Greenhouse Gas Protocol: Emission Scopes

If you're not familiar with them, scope 3 emissions are the emissions caused by related activities associated with “arms length” activities in a value chain. For example, using products once you have bought them, employee transport to work, transportation and distribution, investments etc. They don’t include the fossil fuels used or wholesale gas energy that’s purchased, as that’s regarded as direct emissions.

While such a segmentation works well for communication, it's also a barrier to solving the problem. The reason why is that there is almost nothing we create or service, that doesn’t touch all 3.


The problem will be familiar to those who have been through Six Sigma green and black belts certification's. If you carry out a six-sigma green belt exercise you optimise within each scope and if you carry out the black-belt activity, you optimise across the scopes.
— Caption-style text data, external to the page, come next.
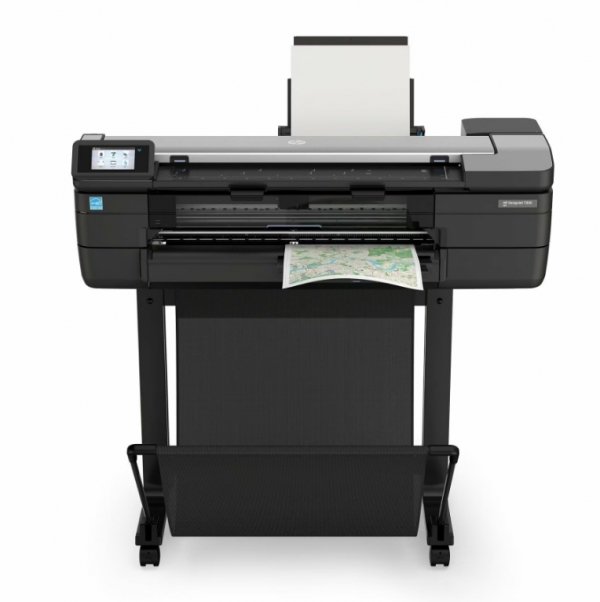Ploter ze skanerem A1 do CAD HP Designjet T830 24&quot; [F9A28D / F9A28A]
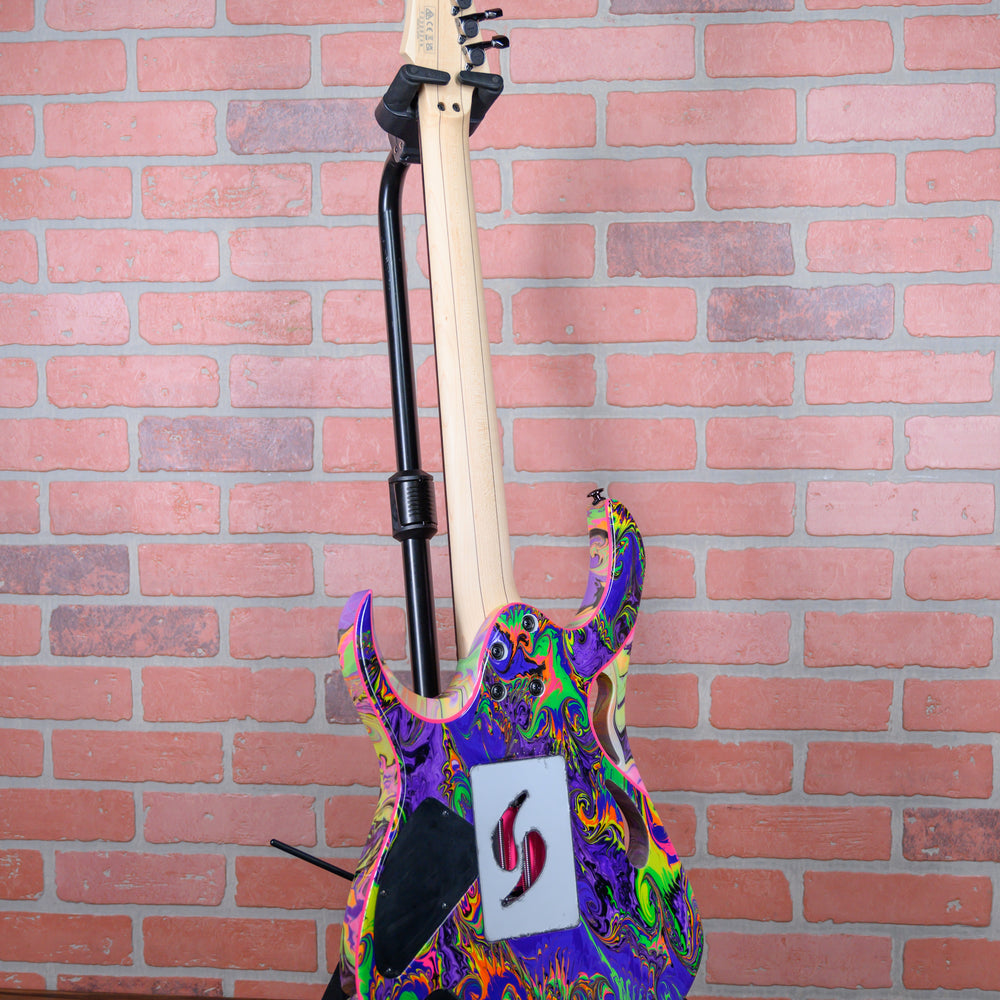 
                      
                        Ibanez Pia77BON Steve Vai Signature Limited Edition Brilliance of Now Hydro Dip Glow in the Dark Japan 2023 w/OHSC
                      
                    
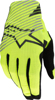 Alpinestars Radar Pro Gloves Fluorescent Yellow 2X-Large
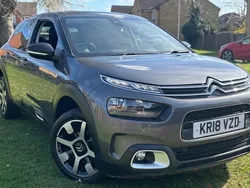 Grey Used 2018 Citroën C4 Cactus Flair Hatchback | £5,500 (Good price)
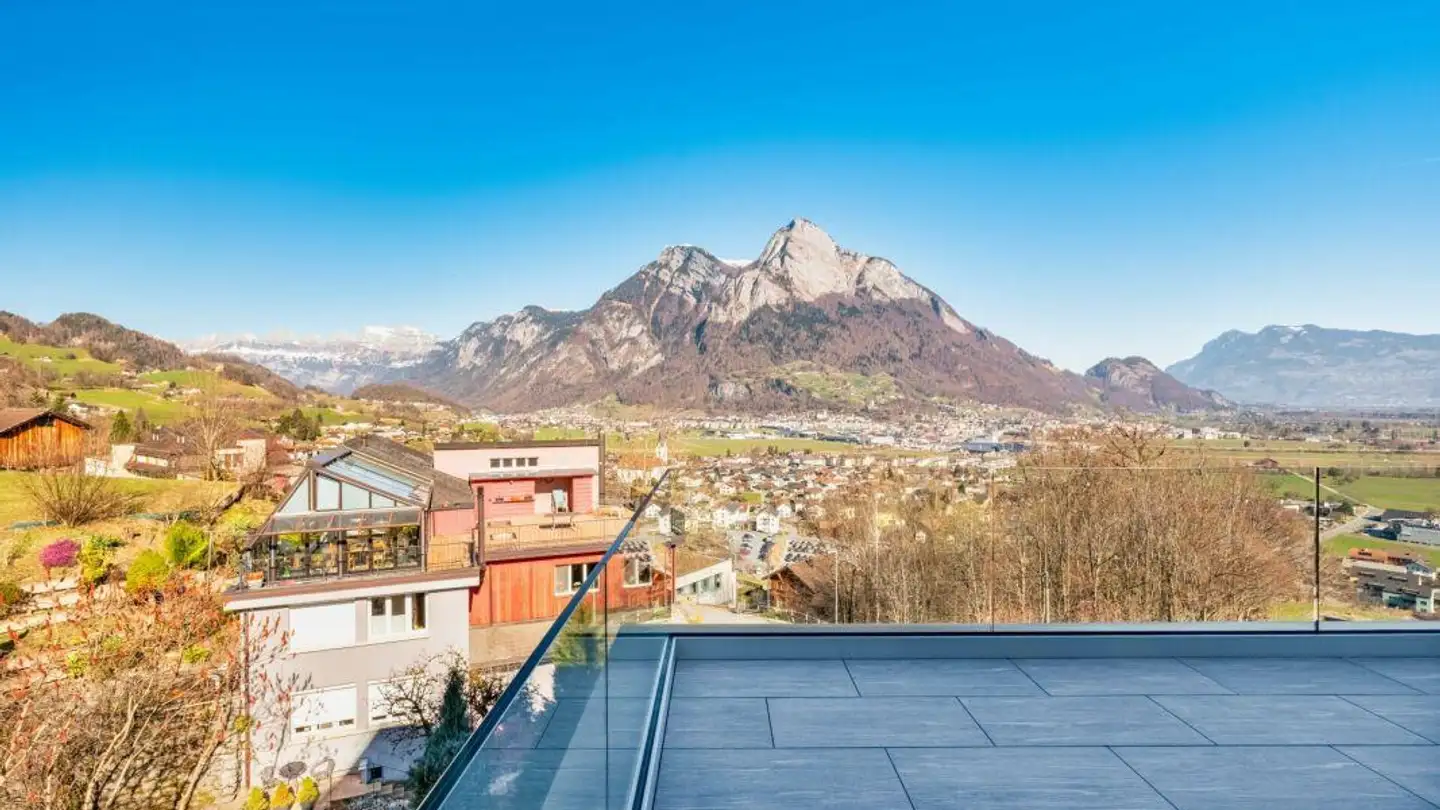 Appartement à vendre - Barnüelstrasse 4, 7323 Wangs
This creates a necessity for further focus to ensure that suboptimality doesn't creep into the organisation. Often, this can mean that "sixsig" green belt work must be followed by black belt work to ensure it finds a global optimum. The trouble is, that approach is flawed, because it assumes the existence of one or more most optimal solutions in the black-belt system, which encompass all the optimisations in the green belt system. That is not always the case and it falls on the skill of the transformation architect to identify the most optimal.


Worked Example

The below infographic explains one such example, using identical organisations and then maps them to scope emissions to show what's happened. The natural consequence of the focus on scope emissions and the funding of them, is being completely blind to the potential for larger systemic optimisations and even net-negative technologies. Something policymakers must make themselves aware of.


The earth and its climate are an ecosystem. Thinking about one thing will never be good enough for it.